Stassen’s political ambitions took him on a speaking tour across the United States and even to Asia. The faculty was especially aggravated by Stassen’s absence and were even more frustrated with the seemingly authoritarian leadership of the Acting President, William Hagan DuBarry. It was this disappointment that led Penn’s faculty to lay the groundwork for what would later become the Faculty Senate and ensure that all future presidents be “academically credentialed members of the faculty,” Lloyd said.
“My sincere regret that my decision, which appears to be right in this national matter, should interrupt my service to the University of Pennsylvania for which I have developed a deep affection,” Stassen told The Daily Pennsylvanian in January 1952, after embarking on another presidential run.
Shortly after, following endless pulling from both parties, Gen. Dwight Eisenhower — then-President of Columbia University — threw his hat in the race as a Republican. Viewing Eisenhower as an unstoppable force, Stassen dropped out of the race. Previously, President Woodrow Wilson had been the only Ivy League president to ascend to the White House after leading Princeton University from 1902 to 1910.
Upon dropping out of the race, Stassen released his delegates to Eisenhower, which contributed to his future victory.
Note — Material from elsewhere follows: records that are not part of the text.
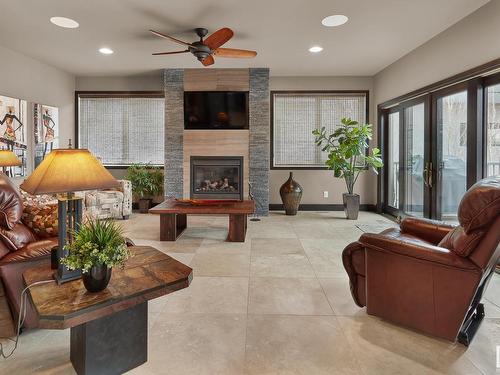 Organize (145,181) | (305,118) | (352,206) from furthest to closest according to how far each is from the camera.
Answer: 1. (305,118)
2. (145,181)
3. (352,206)

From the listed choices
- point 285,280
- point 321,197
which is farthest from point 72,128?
point 285,280

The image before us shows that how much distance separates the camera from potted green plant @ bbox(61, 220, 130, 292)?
139cm

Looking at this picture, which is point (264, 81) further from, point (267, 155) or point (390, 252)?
→ point (390, 252)

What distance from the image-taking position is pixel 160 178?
6.55 meters

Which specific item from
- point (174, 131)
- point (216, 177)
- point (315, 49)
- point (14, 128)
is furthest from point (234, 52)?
point (14, 128)

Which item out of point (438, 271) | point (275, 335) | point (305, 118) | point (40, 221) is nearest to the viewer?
point (438, 271)

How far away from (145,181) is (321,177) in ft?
11.9

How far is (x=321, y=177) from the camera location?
261 inches

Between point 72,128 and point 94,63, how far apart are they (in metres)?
1.65

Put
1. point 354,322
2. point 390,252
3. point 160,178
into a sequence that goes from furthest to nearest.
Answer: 1. point 160,178
2. point 354,322
3. point 390,252

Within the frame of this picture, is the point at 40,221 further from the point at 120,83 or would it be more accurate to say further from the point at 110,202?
the point at 120,83

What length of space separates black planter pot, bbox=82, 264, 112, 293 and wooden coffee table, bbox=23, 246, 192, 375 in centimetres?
3

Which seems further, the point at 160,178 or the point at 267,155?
the point at 160,178

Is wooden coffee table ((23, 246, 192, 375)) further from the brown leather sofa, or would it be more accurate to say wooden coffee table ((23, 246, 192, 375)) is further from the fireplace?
the fireplace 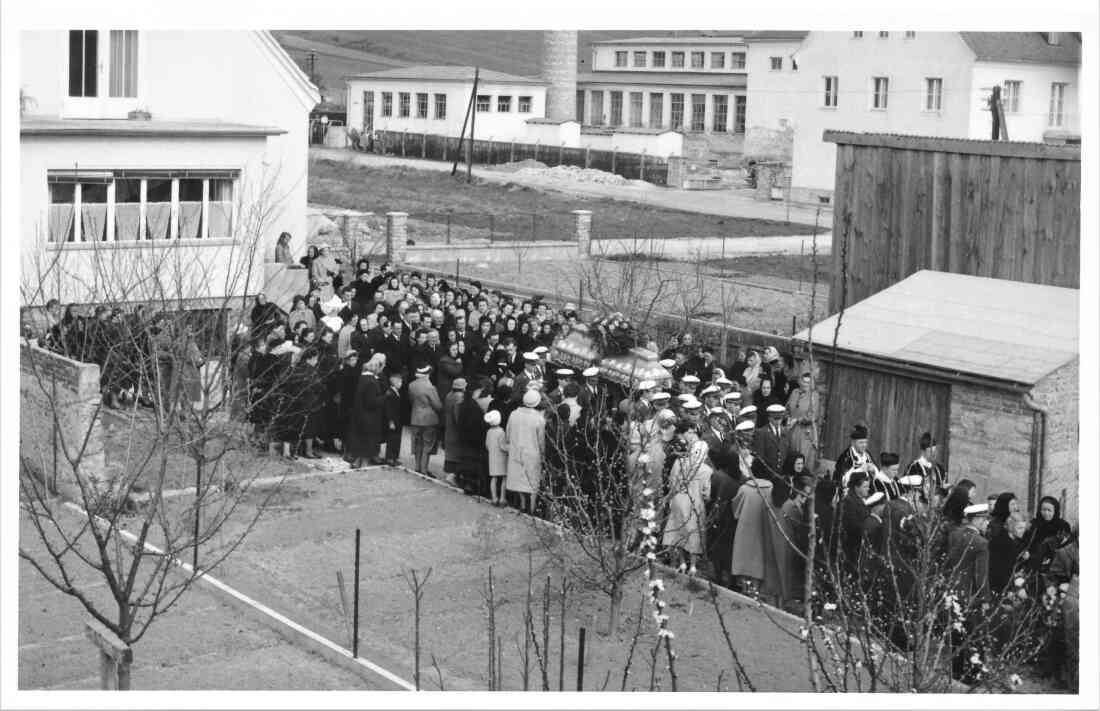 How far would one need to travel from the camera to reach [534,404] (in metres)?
17.4

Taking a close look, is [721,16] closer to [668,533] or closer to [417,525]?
[668,533]

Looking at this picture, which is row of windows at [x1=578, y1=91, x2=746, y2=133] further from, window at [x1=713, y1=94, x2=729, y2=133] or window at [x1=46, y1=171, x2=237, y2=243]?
window at [x1=46, y1=171, x2=237, y2=243]

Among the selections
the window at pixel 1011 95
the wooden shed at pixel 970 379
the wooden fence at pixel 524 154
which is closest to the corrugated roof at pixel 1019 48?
the window at pixel 1011 95

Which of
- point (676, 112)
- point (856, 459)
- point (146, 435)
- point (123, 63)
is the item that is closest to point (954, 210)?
point (856, 459)

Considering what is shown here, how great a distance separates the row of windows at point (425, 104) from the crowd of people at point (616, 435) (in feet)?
127

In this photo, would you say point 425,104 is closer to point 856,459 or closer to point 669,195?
point 669,195

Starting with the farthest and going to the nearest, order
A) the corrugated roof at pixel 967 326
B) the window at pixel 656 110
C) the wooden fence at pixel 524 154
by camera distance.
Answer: the window at pixel 656 110, the wooden fence at pixel 524 154, the corrugated roof at pixel 967 326

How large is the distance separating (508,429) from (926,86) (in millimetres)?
36110

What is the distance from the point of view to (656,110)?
7362cm

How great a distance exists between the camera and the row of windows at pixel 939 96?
5034 cm

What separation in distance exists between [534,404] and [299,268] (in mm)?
12588

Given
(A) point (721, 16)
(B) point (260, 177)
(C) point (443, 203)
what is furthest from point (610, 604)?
(C) point (443, 203)

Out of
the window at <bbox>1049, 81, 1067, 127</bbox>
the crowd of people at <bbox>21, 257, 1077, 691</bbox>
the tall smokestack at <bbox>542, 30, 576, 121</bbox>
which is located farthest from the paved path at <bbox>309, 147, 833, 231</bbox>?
the crowd of people at <bbox>21, 257, 1077, 691</bbox>

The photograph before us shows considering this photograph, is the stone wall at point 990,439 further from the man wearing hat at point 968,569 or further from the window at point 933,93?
the window at point 933,93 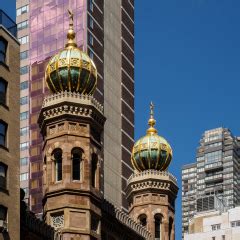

Eisenhower later appointed Stassen to serve in his cabinet as the first and only Director of the United States Foreign Operations Administration. On Jan. 19, 1953, Stassen submitted a letter to Penn’s Board of Trustees in which he cited “the current world condition in which our country is involved, and my very high regard for President Eisenhower” among his most pressing reasons for leaving the University for Washington.
“Stassen didn’t get to be president, but he got what he wanted — a powerful position in Washington,” Lloyd said.